I'm kneedeep in the Shuffler code again, slightly reworking it, fixing some bugs along the way, but also trying to make sure I don't introduce new ones.
The following issue comes up: If I have a struct pike_string with a shared string assigned to it, and I take the value of the str member because I want to access the bytes, how long is this address guaranteed to stay valid?
E.g. I see in file.c that we take the str->str value, then do THREADS_ALLOW() and subsequently call fd_write(). Which seems to imply that as long as the pike_string struct we took the address from is still alive, the address of the string it points will not change, even if other pike threads run in the meantime?
If you hold a reference to the string (using add_ref()) the string is guaranteed to not change it's content.

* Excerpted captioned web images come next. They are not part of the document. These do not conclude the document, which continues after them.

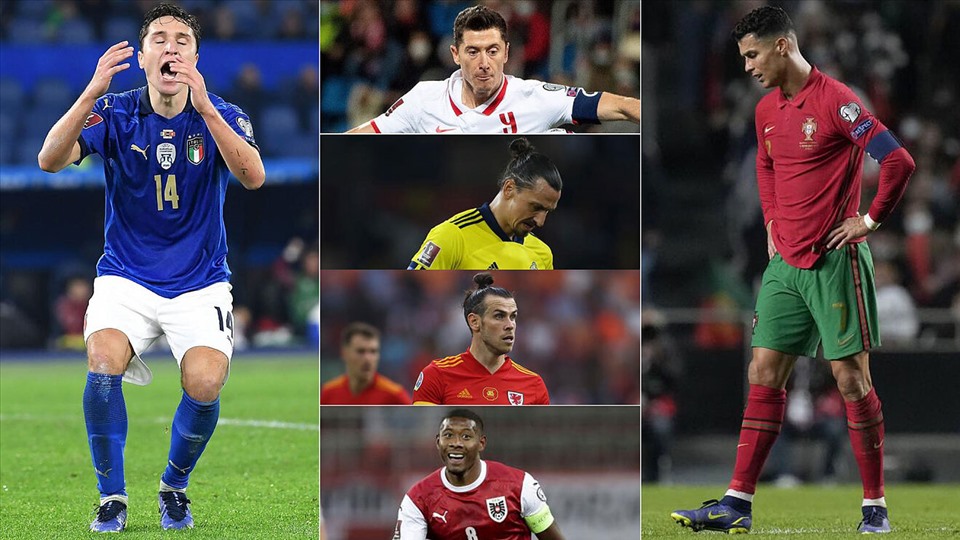 Rất nhiều ngôi sao phải tham gia “vòng sinh tử” để cùng đội tuyển quốc gia giành vé dự World Cup 2022. Ảnh: Marca
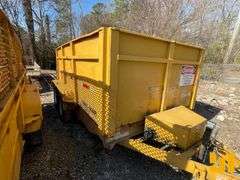 2013 BRIMAR 7X12 DUMP TRAILER VIN: 43YDC1625DC099892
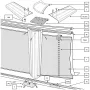 Ersatzteile Weiße Runde Pools von 120 cm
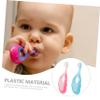 WRITWAA 2pcs Soft Bristle Boys and Girls Cartoon Toothbrush Travel Boy Girl Toothbrush for Household Use view 3
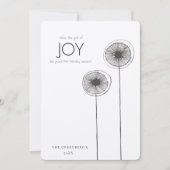 Geschenk der feiertagskarte (Vorderseite)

In principle, strings may change, for instance realloc() can be called when appending to a string, but only if the string has one reference. The code which does append would have an additional reference, which means you are safe to assume the string does not change if you have a reference.
Arne
On 6/18/19 2:19 PM, Stephen R. van den Berg wrote:
I'm kneedeep in the Shuffler code again, slightly reworking it, fixing some bugs along the way, but also trying to make sure I don't introduce new ones.
The following issue comes up: If I have a struct pike_string with a shared string assigned to it, and I take the value of the str member because I want to access the bytes, how long is this address guaranteed to stay valid?
E.g. I see in file.c that we take the str->str value, then do THREADS_ALLOW() and subsequently call fd_write(). Which seems to imply that as long as the pike_string struct we took the address from is still alive, the address of the string it points will not change, even if other pike threads run in the meantime?